To understand this, I’ve simulated two Poisson distributions (as in, count data). If we tried to build a Chi-squared distribution out of this data, what percentage of values would be higher than the 95th percentile of an actual Chi-squared distribution?

df <- tibble(
  pois_1 = rpois(10000, 10),
  pois_2 = rpois(10000, 10),
  chisq_real = rchisq(10000, df = 2)
  ) %>%
  mutate(pois_1 = (pois_1-mean(pois_1))/sd(pois_1),
         pois_2 = (pois_2-mean(pois_2))/sd(pois_2)) %>%
  mutate(chisq_11 = pois_1^2+pois_1^2,
         chisq_12 = pois_1^2+pois_2^2) %>%
  select(contains("chisq_")) %>%
  gather(key = "distribution", value = "value") %>%
  mutate(over_95 = value > qchisq(.95, df=2))

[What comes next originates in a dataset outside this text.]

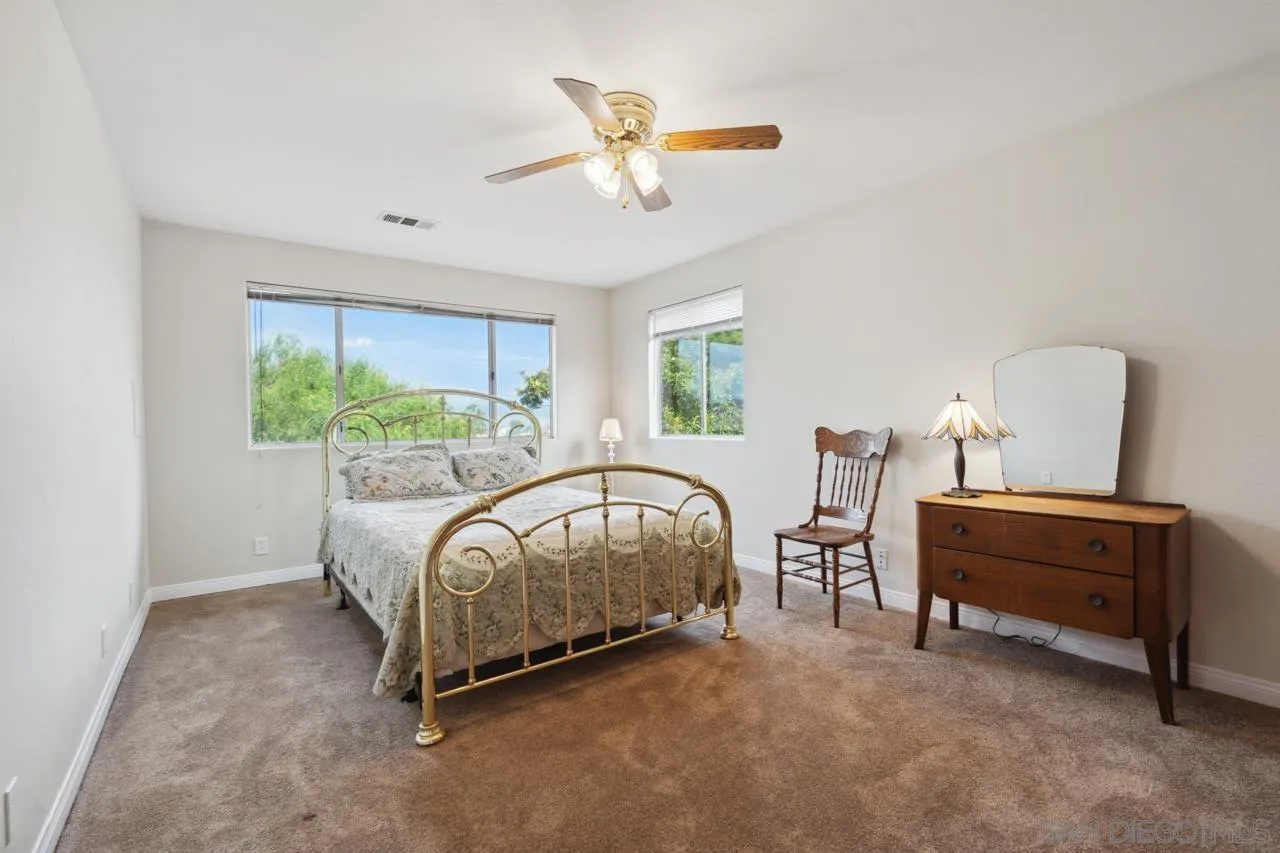 https://cdn.realtyfeed.com/cdn/127/250036644/f6d5040ef98b87d9957998d7c3f03471.webp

ggplot(df, aes(x = value, fill = over_95)) +
  geom_histogram(alpha = 0.5, binwidth = 1) +
  facet_grid(~distribution) +
  theme_bw()

chisq_12 is built via two independent Poisson distributions, while chisq_11 is just two identical samples added together (making the distributions dependent). From the chart it seems like it works and if you look at the percentage of values higher than the 95th percentile:

df %>%
  group_by(distribution) %>%
  summarise(over_95 = mean(over_95)) %>%
  knitr::kable()

So chisq_12 and chisq_real makes sense - around 5 per cent of values are going to be higher than the 95th percentile. For chisq_11, we see that is not the case and the percentage is higher!

We can see that the Chi-squared distribution requires that the added distributions be independent. The final kicker comes in when we look back at the Chi-squared test formula:

\[\tilde{\chi}^2=\sum_{k=1}^{n} \frac{(O_k - E_k)^2}{E_k}\]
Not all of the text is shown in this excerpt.